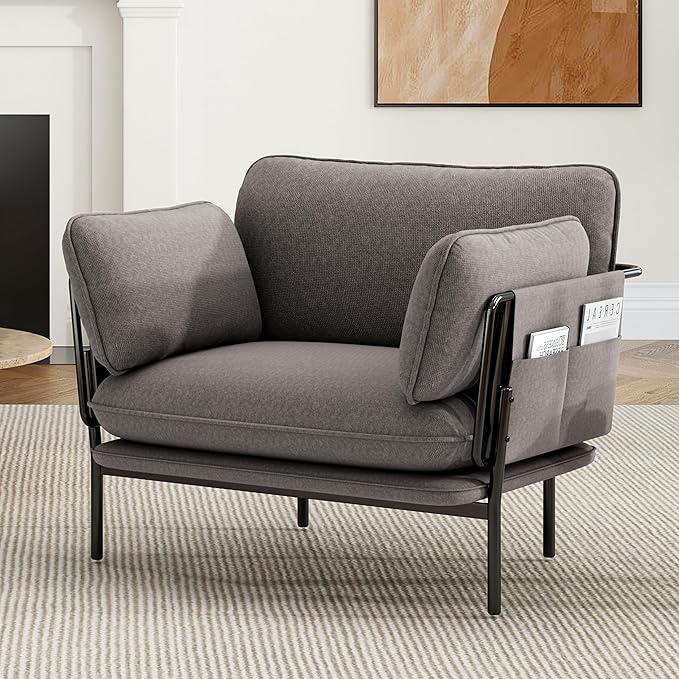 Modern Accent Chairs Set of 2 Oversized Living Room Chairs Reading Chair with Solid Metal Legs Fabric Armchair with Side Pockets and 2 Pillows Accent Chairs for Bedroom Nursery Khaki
==
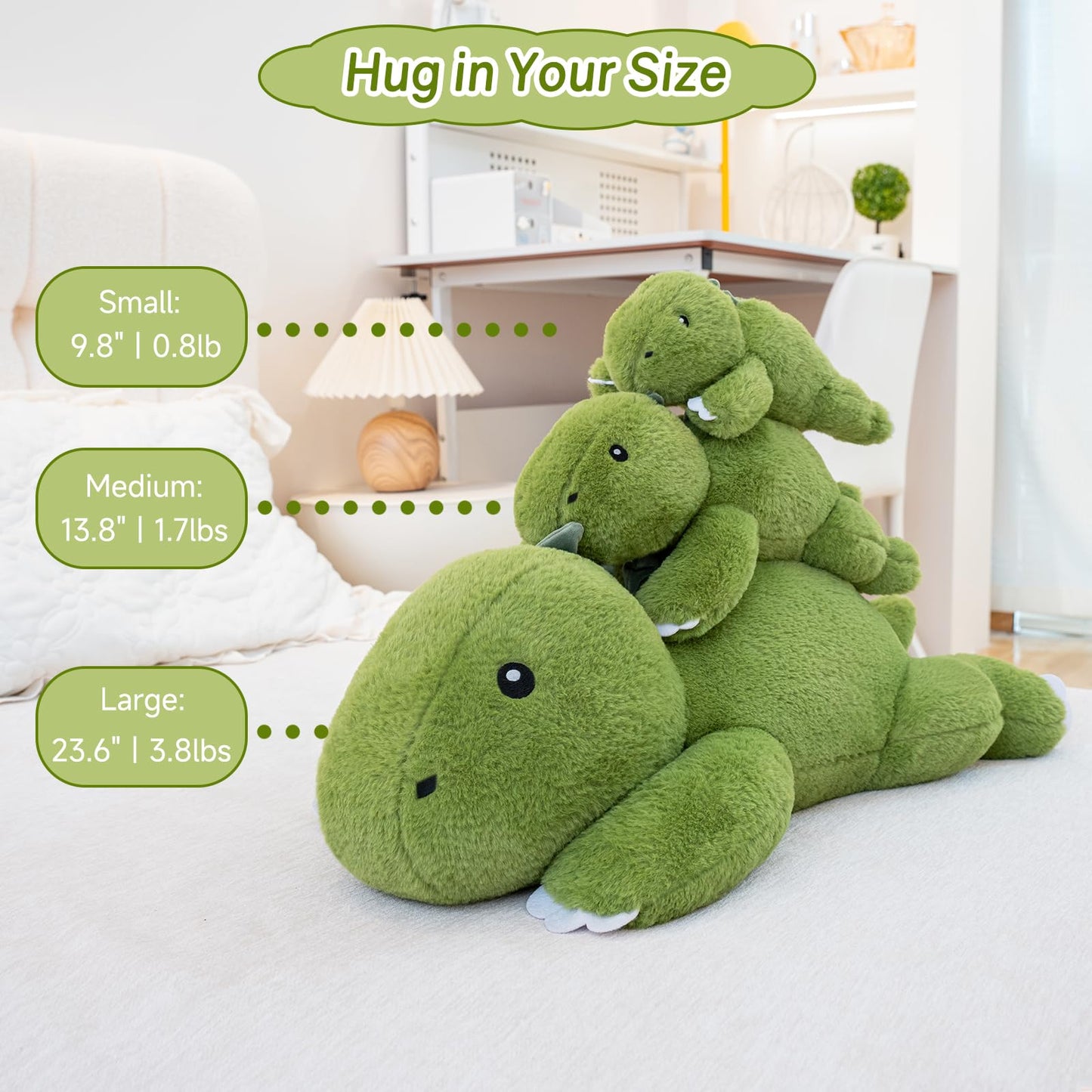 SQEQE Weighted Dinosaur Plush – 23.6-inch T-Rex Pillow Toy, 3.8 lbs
---
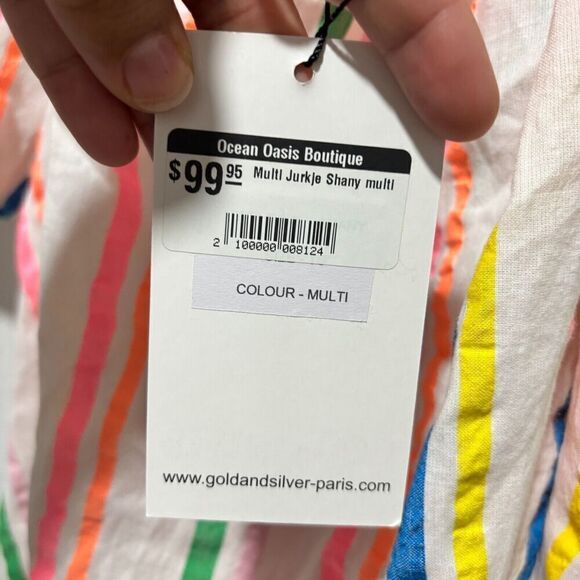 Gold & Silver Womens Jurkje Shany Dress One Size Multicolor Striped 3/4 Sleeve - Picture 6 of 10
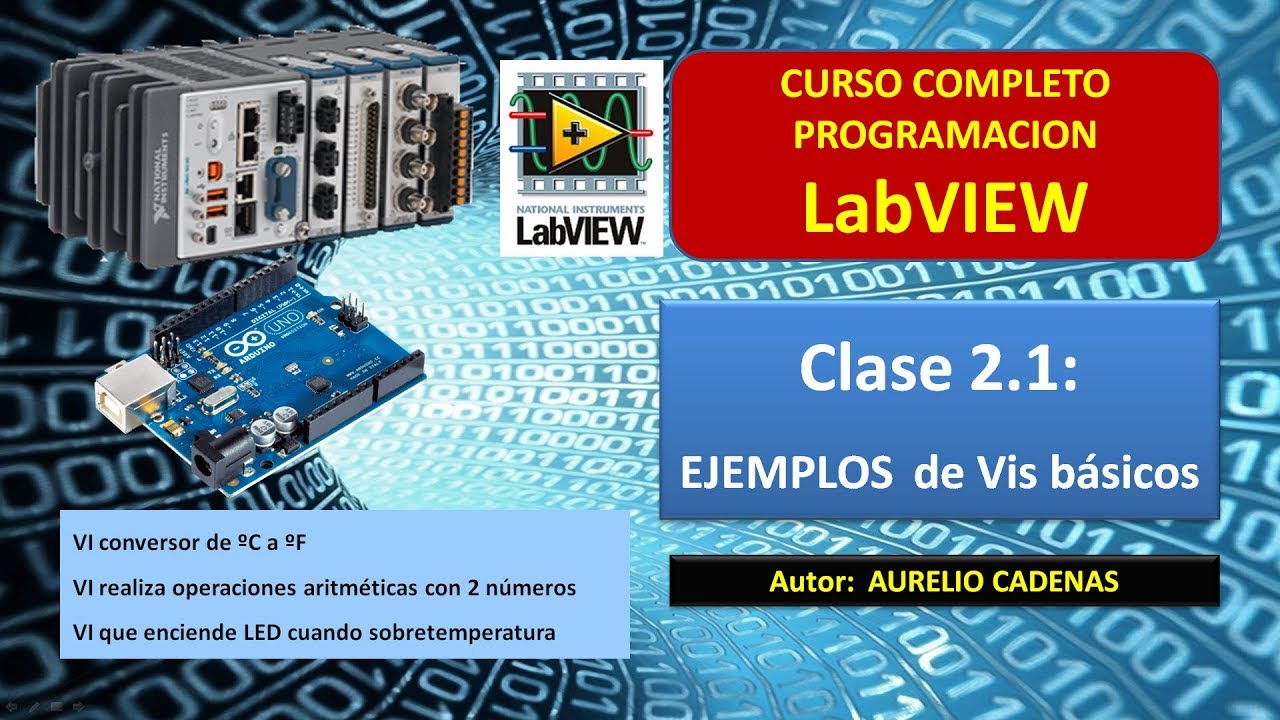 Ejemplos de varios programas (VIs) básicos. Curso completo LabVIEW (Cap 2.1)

ASSIGNED TASK: Produce an exact reproduction of the listing above, limited to the lines starting at the line with "Gold & Silver" and ending at the line with "Ejemplos de varios", both kept, with every picture left out.

TASK OUTPUT:
 Gold & Silver Womens Jurkje Shany Dress One Size Multicolor Striped 3/4 Sleeve - Picture 6 of 10
 Ejemplos de varios programas (VIs) básicos. Curso completo LabVIEW (Cap 2.1)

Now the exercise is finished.